Editing without checking afterward. After any change, open yourdomain.com/robots.txt in your browser to confirm it looks right, and ideally test it in Google Search Console. A two minute check prevents a silent disaster. For the full technical reference, Google’s own robots.txt documentation is the authoritative source.

The Simple Takeaway

Robots.txt sounds technical, but your relationship with it as a beginner is straightforward. Visit yourdomain.com/robots.txt, make sure there is no lone Disallow: / blocking everything, confirm your normal pages are not disallowed, and then leave it alone.

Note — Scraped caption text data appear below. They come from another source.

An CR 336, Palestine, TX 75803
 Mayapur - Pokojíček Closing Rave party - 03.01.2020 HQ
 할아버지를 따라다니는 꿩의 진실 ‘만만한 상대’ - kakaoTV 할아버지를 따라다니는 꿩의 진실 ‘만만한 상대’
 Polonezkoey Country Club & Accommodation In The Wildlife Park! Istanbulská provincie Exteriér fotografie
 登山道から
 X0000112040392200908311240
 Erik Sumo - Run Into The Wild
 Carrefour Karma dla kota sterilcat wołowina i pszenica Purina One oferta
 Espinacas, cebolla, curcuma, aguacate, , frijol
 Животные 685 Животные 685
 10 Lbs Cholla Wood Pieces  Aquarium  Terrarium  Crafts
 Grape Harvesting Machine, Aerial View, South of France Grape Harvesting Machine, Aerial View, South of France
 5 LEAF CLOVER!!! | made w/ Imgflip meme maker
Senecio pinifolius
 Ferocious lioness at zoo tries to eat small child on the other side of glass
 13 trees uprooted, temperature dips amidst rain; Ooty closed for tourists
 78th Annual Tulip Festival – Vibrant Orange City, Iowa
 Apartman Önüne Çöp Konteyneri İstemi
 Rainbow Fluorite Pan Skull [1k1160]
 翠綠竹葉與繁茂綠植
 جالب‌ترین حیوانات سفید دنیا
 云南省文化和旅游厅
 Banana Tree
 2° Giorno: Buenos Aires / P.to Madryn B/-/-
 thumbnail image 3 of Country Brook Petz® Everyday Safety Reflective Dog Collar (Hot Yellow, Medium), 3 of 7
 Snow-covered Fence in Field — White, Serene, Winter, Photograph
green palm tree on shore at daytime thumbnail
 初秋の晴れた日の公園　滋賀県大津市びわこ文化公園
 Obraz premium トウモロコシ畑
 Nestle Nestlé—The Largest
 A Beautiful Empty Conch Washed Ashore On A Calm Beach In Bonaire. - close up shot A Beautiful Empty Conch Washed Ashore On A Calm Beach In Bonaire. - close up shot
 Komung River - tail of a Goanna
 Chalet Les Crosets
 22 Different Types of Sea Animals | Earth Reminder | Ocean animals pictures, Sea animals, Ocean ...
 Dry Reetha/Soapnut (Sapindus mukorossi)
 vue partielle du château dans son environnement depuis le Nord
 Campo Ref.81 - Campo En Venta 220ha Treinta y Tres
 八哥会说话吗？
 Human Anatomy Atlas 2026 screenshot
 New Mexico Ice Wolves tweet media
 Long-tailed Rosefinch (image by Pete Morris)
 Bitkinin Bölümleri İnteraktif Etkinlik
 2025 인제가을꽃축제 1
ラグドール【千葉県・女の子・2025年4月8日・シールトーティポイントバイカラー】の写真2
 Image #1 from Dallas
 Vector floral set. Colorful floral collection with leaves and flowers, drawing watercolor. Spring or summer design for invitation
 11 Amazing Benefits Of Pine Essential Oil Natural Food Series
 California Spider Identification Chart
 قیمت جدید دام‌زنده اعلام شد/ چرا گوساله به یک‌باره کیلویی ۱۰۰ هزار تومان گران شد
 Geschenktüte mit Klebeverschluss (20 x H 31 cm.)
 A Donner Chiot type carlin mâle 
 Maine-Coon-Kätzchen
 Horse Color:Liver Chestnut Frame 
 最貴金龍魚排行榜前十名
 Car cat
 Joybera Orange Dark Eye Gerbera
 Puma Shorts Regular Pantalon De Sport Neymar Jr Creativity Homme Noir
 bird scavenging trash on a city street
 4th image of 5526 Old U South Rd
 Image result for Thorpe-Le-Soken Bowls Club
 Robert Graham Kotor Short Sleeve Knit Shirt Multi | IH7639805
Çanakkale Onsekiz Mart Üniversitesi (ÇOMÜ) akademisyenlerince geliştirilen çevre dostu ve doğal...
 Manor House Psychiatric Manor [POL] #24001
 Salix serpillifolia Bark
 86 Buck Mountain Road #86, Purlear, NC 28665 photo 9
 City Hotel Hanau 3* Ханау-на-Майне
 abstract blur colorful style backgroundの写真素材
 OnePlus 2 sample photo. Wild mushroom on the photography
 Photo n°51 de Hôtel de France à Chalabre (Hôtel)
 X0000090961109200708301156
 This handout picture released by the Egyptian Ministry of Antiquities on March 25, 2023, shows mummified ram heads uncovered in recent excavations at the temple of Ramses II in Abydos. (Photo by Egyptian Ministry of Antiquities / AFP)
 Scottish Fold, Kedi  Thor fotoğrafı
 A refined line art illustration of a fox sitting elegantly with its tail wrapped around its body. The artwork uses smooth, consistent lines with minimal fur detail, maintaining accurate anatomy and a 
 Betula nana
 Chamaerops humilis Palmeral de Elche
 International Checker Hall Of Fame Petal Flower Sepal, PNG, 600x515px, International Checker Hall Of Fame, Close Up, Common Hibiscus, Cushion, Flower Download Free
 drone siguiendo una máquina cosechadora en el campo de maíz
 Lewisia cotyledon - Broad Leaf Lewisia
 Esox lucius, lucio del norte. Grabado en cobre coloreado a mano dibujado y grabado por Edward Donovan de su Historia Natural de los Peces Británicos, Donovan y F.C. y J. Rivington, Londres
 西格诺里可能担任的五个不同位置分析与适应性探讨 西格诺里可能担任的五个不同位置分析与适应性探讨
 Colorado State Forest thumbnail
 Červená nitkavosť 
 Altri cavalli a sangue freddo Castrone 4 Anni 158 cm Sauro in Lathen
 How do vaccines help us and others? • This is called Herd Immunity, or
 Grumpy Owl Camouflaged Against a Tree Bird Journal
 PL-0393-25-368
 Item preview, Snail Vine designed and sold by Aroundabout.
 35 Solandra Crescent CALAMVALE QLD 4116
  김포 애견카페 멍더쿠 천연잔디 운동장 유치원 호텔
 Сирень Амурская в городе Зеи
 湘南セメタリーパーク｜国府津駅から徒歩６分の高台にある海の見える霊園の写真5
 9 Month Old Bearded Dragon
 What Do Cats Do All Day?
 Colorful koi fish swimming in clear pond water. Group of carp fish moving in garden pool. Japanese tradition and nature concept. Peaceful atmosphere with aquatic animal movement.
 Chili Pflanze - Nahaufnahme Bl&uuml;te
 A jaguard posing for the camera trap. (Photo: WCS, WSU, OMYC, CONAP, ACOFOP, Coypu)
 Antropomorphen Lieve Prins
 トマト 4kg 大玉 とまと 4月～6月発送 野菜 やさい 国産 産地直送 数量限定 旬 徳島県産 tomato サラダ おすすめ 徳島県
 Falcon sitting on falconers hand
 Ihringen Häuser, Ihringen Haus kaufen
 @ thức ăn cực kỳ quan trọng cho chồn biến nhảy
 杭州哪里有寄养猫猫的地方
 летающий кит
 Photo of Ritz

It is a file that quietly does its job in the background. You do not need to master it, optimize it, or check it daily. You just need to understand it well enough to know it is not working against you. Once you have confirmed that, you can close the tab and get back to the work that actually grows your site. If you want to confirm Google is reading your pages correctly, the next step is learning to read your Google Search Console reports.

Frequently Asked Questions

Where is my robots.txt file?

It is always at the root of your domain, reachable by typing yourdomain.com/robots.txt into your browser. On WordPress, even if you never created one, a virtual robots.txt is generated automatically, so you will usually see content there.

Does robots.txt stop my page from showing in Google?

Not reliably. Robots.txt controls crawling, not indexing. A blocked page can still appear in search results if other sites link to it. To actually keep a page out of Google, use a noindex tag or password protection, not robots.txt.

My robots.txt is empty or has just a couple of lines. Is that bad?

No, that is usually fine. A short file, or one with an empty Disallow line, simply means nothing is being blocked, which is healthy for most sites. A nearly empty robots.txt is not a problem. A robots.txt with a lone Disallow: / is the one to worry about.

Do I need to create a robots.txt file if I do not have one?

Usually not. If you are on WordPress or Blogger, a working one is generated for you. You only need to create or edit a file if you have a specific reason, like adding a sitemap line or blocking a particular folder, and even then your SEO plugin handles it for you.

Can I just copy someone else’s robots.txt?

It is risky. Their rules are written for their site’s structure, not yours, and copying blindly can block the wrong things. If you need rules, start from your platform’s default and change only what you understand. When in doubt, allowing access is safer than disallowing it.